**What is expected**
Where the lines below hold images, skip those and copy every word exactly.

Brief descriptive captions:
____________________

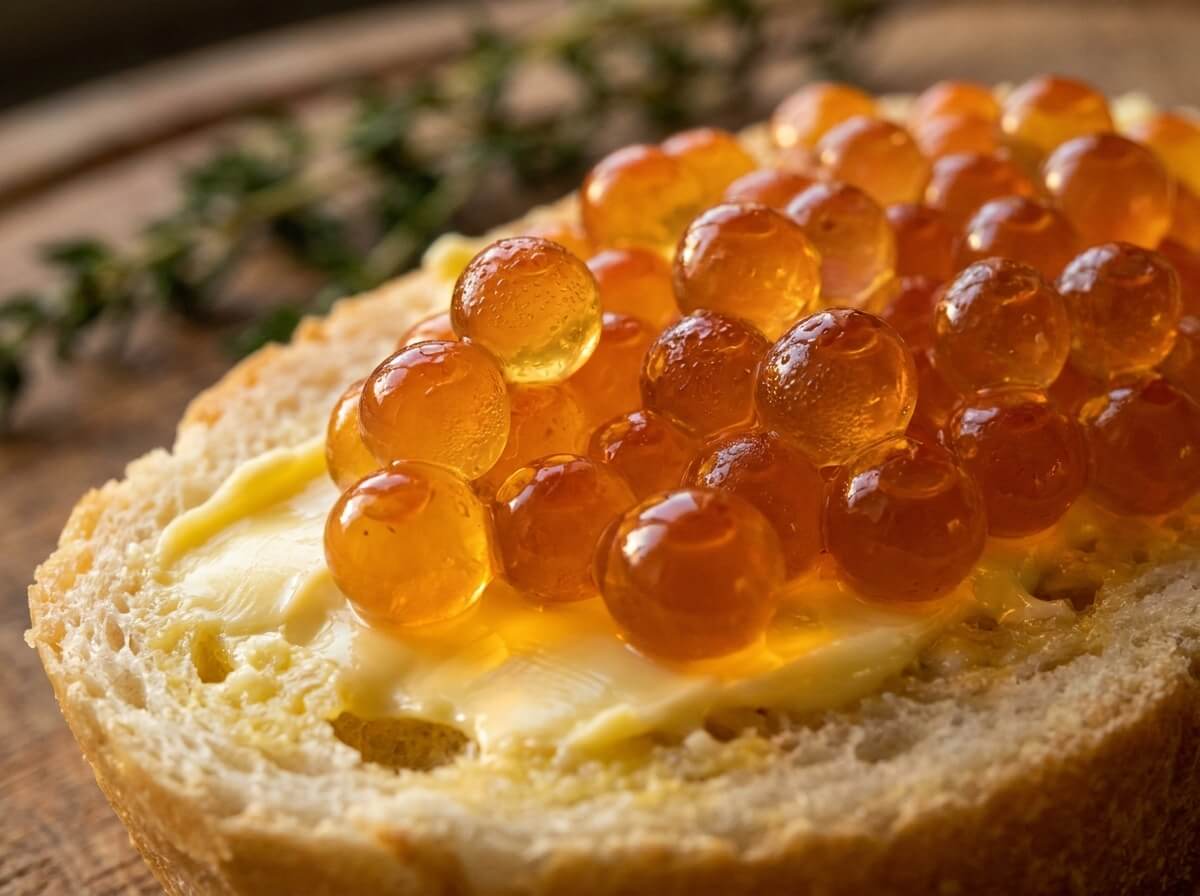 Крупная янтарная икра кеты на ломтике багета с маслом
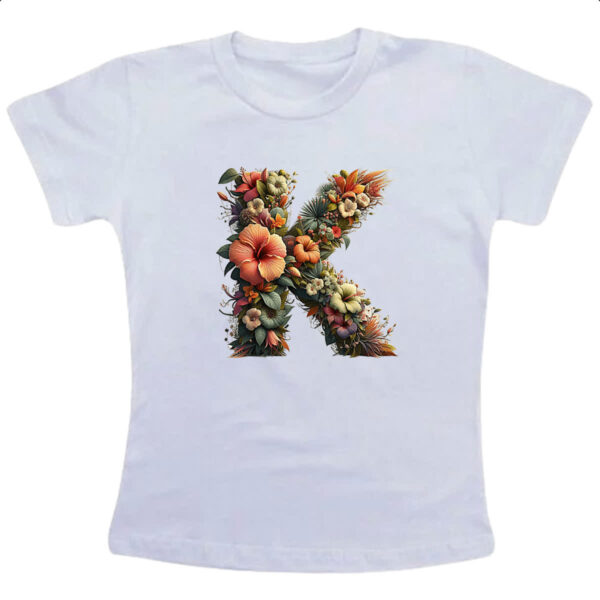 Camiseta Infanto Juvenil Alfabeto Floral Letra K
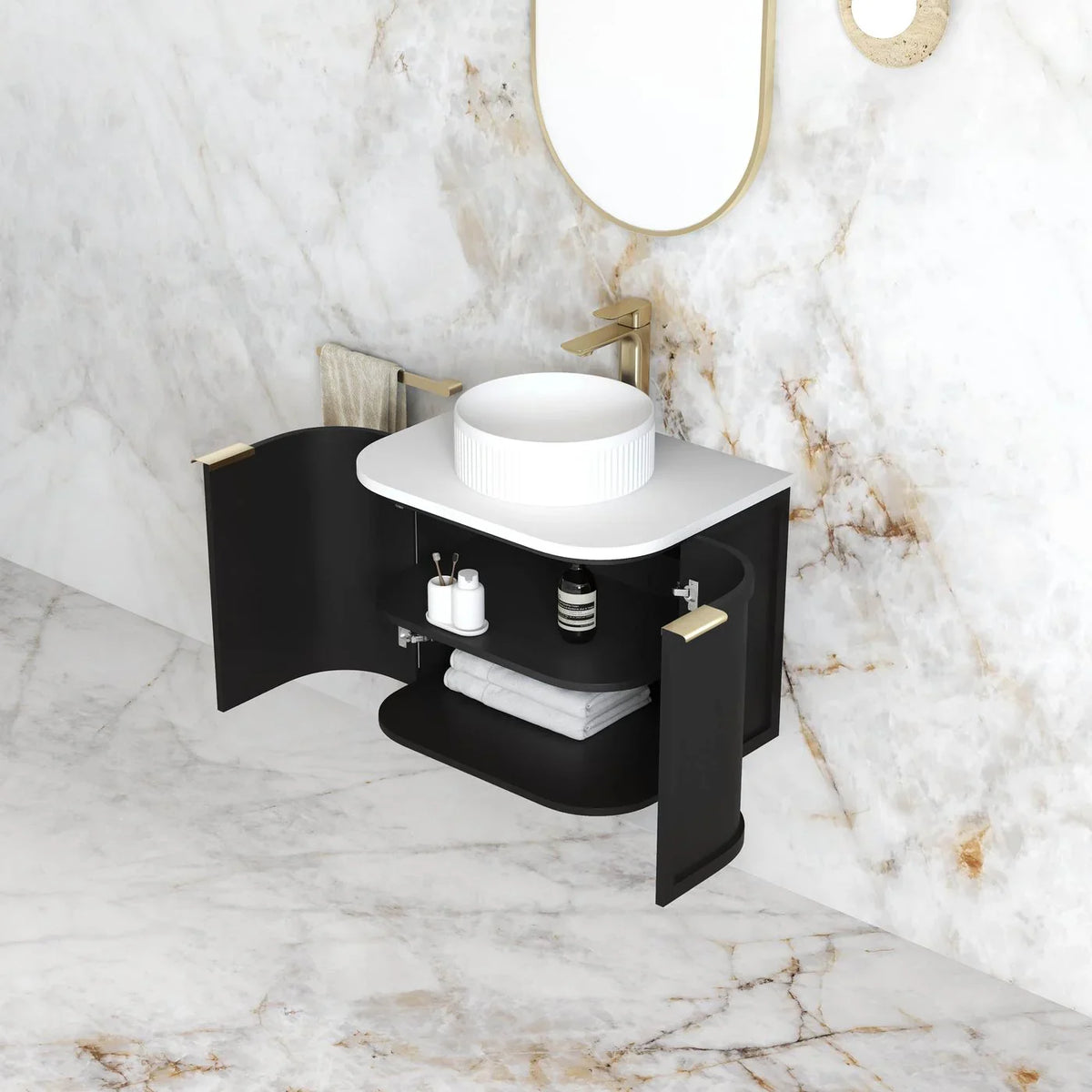BV06WH Satin Black Shaker Curved Wall Hung Vanity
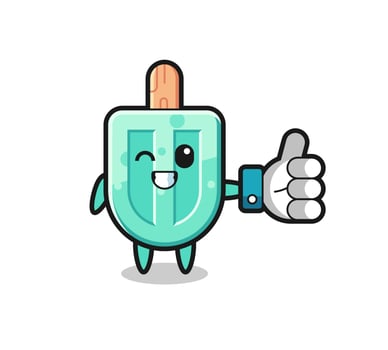 cute popsicles with social media thumbs up symbol vector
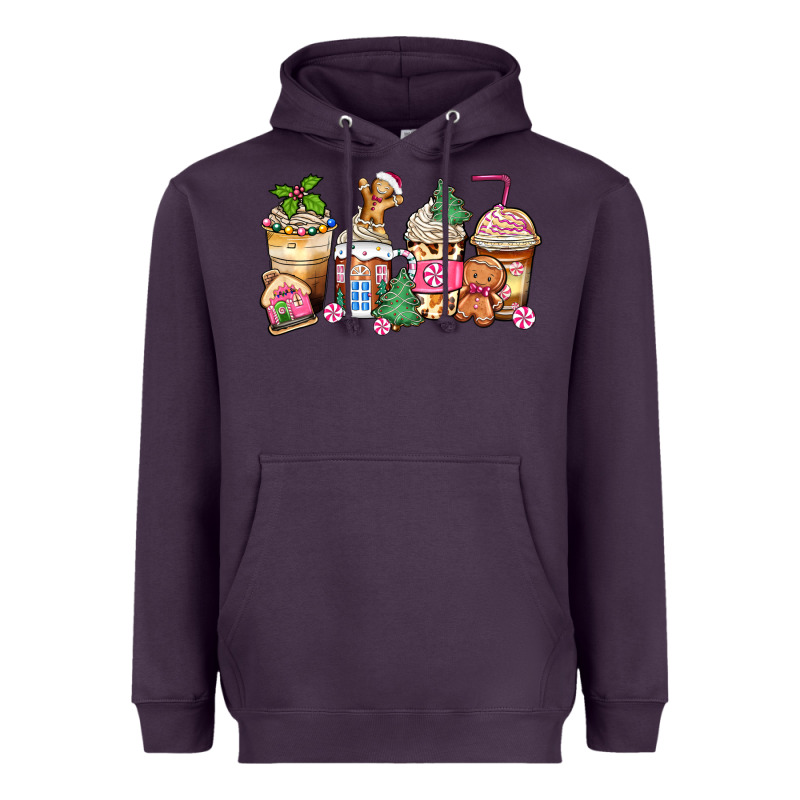 Pink Gingerbread Coffee Cups Heavyweight Hoodie by Zillion Design Studio | Teevron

____________________

**Solution for this problem**
 Крупная янтарная икра кеты на ломтике багета с маслом
 Camiseta Infanto Juvenil Alfabeto Floral Letra K
BV06WH Satin Black Shaker Curved Wall Hung Vanity
 cute popsicles with social media thumbs up symbol vector
 Pink Gingerbread Coffee Cups Heavyweight Hoodie by Zillion Design Studio | Teevron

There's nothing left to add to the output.